IN NOME DEL POPOLO ITALIANO

       Il Consiglio di Stato in sede giurisdizionale (Sezione Sesta) ha pronunciato la seguente

DECISIONE

sul ricorso in appello n.4684 del 2003 proposto da @@@@@@@@ @@@@@@@@, rappresentato e difeso dall’avv. ....

contro

il Ministero dell’Interno, in persona del Ministro p.t., e la Questura di Catanzaro, in persona del Questore p.t., rappresentati e difesi dall’Avvocatura Generale dello Stato presso i cui uffici  sono per legge domiciliati in Roma, via dei Portoghesi n.12;

per l'annullamento

della sentenza del Tribunale Amministrativo Regionale per la Calabria, sede di Catanzaro, n.883/2003 in data 27 marzo 2003, resa tra le parti;

    Visto il ricorso con i relativi allegati;

    Visto l’atto di costituzione in giudizio dell’ Amministrazione dell’Interno;

    Visti gli atti tutti della causa;

    Alla pubblica udienza del 4 marzo, relatore il consigliere ....., udito l’avvocato dello Stato ....., nessuno è comparso per l’appellante;

    Ritenuto e considerato in fatto e in diritto quanto segue: 

FATTO e DIRITTO

1. Con ricorso (n.38/2001) proposto al TAR per la Calabria, sede di Catanzaro,  il sig. @@@@@@@@ @@@@@@@@, ispettore superiore della Polizia di Stato in servizio presso il Commissariato di P.S. di ......., impugnava  il provvedimento in data 19.11.1999 del Questore di Catanzaro con il quale gli veniva inflitta la sanzione disciplinare del richiamo scritto, nonché il decreto del  Capo della Polizia, datato 3.8.2000, con cui era stato respinto il proprio gravame avverso la sanzione anzidetta; e ciò a conclusione di un procedimento iniziato con una contestazione di addebiti notificata al ricorrente dal competente funzionario istruttore - per il quale, sulla base  della documentazione acquisita, l’ispettore predetto aveva “arrecato grave difficoltà all’Ufficio di appartenenza poiché, nel corso di delicate indagini di P.G. espletate nei confronti di noti pregiudicati della zona, avrebbe tenuto un comportamento censurabile, interferendo nell’attività di P.G”, il che avrebbe integrato gli estremi delle fattispecie previste e sanzionate con la destituzione nell’art.7 n.2 del D.P.R. n. 737/1981 - contestazione a cui erano seguite, poi, le giustificazioni dell’interessato, la relazione conclusiva del funzionario istruttore, la deliberazione della Commissione consultiva richiesta dal Questore e, infine, l’irrogazione nei suoi confronti del richiamo scritto per la seguente mancanza: “teneva un contegno scorretto nei confronti dell’ufficio di appartenenza per essersi messo in contatto telefonico con la Sezione di P.G. del Commissariato di @@@@@@@@, conferendo alla presenza di una persona estranea all’Amministrazione (ed utilizzando l’utenza telefonica di quest’ultima) in merito ad alcune rimostranze, occasionalmente esternategli dal terzi, riferibili all’attività di Polizia Giudiziaria dispiegata nei confronti di quest’ultimo”.

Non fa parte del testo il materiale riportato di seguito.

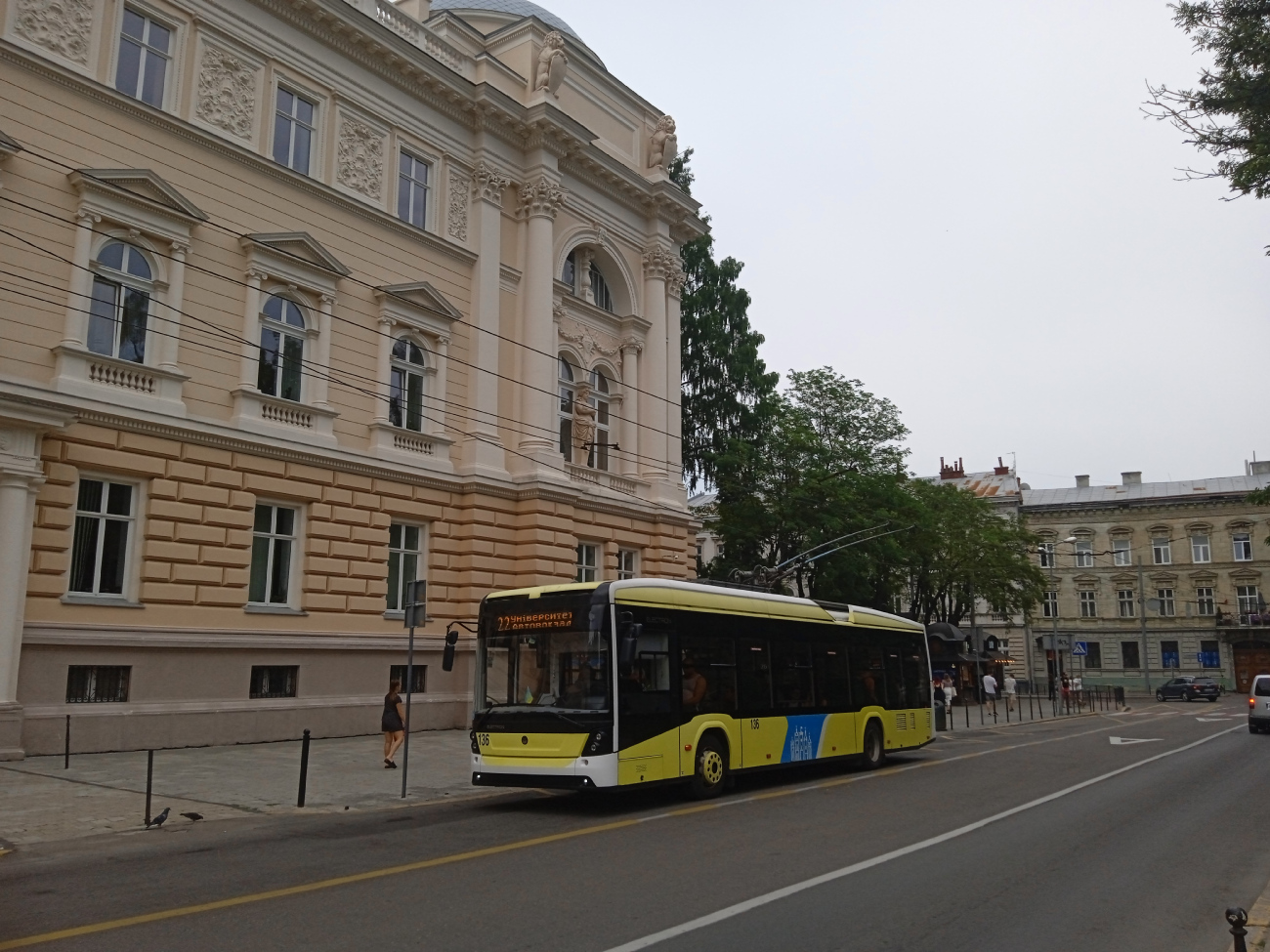 Lwów, Electron T19102 Nr 136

A sostegno del gravame l’istante deduceva, con due motivi di diritto, censure di violazione e falsa applicazione del D.P.R. n.737/1981 con riguardo di vizi di ordine procedurale e a vizi concernenti il merito della sanzione come sopra inflitta.

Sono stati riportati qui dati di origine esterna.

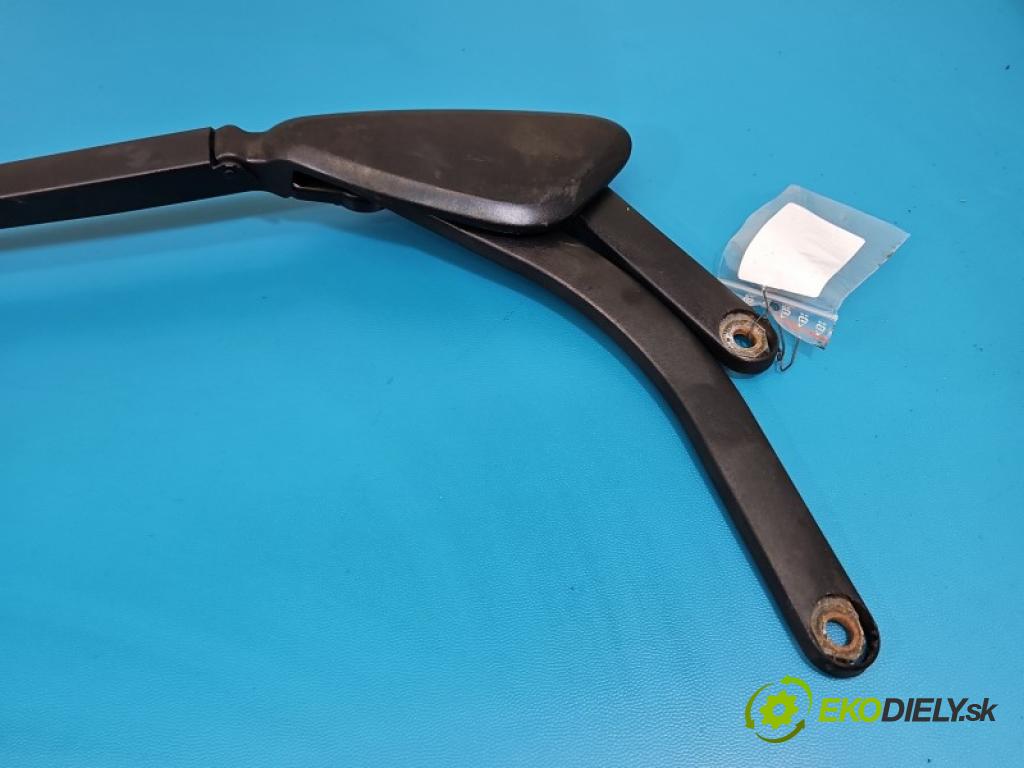 Renault Scenic II 2003-2009 2.0 16V 135 HP manual 99 kW 1998 cm3 5- rameno stieračov pravé 80010797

Nel giudizio si costituiva l’Amministrazione dell’Interno, che controdeduceva al ricorso contestando i rilievi in esso mossi e concludendo per la sua reiezione.

1.1. Con la sentenza in epigrafe specificata l’adito TAR respingeva il  gravame,  attesa l’infondatezza di ambedue  i motivi in esso prospettati.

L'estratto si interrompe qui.